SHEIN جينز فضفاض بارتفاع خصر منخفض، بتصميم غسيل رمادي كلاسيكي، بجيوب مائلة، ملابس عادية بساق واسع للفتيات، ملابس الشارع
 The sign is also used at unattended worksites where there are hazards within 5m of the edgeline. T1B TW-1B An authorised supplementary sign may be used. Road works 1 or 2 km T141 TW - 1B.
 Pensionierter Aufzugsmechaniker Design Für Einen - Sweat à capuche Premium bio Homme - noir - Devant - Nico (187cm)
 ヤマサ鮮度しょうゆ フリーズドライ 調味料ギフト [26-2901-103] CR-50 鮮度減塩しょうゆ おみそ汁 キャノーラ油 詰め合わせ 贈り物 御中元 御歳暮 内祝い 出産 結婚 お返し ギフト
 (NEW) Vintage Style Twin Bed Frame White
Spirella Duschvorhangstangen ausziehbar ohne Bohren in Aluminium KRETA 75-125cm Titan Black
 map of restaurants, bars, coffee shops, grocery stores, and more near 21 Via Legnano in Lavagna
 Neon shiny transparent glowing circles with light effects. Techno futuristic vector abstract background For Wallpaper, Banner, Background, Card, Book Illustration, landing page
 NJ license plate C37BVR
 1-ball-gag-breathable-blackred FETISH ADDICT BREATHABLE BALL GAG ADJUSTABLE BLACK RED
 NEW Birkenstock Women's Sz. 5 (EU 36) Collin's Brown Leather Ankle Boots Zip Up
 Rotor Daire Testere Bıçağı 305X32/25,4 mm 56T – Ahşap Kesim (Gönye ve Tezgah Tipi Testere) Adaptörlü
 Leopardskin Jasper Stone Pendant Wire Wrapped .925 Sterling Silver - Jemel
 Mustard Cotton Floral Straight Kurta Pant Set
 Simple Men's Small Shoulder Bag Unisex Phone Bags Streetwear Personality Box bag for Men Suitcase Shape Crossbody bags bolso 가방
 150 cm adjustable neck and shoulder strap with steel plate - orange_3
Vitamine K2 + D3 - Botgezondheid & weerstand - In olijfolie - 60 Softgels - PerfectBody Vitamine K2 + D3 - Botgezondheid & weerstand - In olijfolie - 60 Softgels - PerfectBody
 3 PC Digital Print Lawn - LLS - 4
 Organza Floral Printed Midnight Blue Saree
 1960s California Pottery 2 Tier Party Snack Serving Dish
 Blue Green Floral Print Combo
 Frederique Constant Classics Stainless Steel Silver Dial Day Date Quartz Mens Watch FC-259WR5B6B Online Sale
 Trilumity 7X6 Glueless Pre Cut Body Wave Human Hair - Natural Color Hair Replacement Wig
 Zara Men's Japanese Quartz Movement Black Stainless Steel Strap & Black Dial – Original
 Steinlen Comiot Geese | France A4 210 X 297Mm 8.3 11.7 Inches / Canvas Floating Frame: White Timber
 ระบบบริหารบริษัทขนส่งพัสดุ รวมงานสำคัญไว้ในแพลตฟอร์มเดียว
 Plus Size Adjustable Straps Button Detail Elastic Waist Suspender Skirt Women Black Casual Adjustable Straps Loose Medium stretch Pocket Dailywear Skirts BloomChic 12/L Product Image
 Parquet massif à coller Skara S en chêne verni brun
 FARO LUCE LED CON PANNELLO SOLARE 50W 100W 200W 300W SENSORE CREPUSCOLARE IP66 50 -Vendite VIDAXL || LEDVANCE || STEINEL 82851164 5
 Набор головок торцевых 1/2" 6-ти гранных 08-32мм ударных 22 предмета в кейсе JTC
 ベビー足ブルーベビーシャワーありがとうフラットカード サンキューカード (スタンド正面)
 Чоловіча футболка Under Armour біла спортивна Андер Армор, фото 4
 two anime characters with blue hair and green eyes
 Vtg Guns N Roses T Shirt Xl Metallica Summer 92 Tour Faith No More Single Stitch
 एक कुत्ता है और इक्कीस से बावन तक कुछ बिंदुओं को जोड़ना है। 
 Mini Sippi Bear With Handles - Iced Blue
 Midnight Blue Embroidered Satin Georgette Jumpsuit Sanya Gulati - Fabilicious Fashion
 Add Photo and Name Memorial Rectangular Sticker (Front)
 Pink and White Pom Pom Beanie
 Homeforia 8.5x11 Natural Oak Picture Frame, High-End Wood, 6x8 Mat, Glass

EXERCISE DESCRIPTION
Whenever a line in the material above holds the string "Women", copy that line in full.

EXPECTED ANSWER
 NEW Birkenstock Women's Sz. 5 (EU 36) Collin's Brown Leather Ankle Boots Zip Up
 Plus Size Adjustable Straps Button Detail Elastic Waist Suspender Skirt Women Black Casual Adjustable Straps Loose Medium stretch Pocket Dailywear Skirts BloomChic 12/L Product Image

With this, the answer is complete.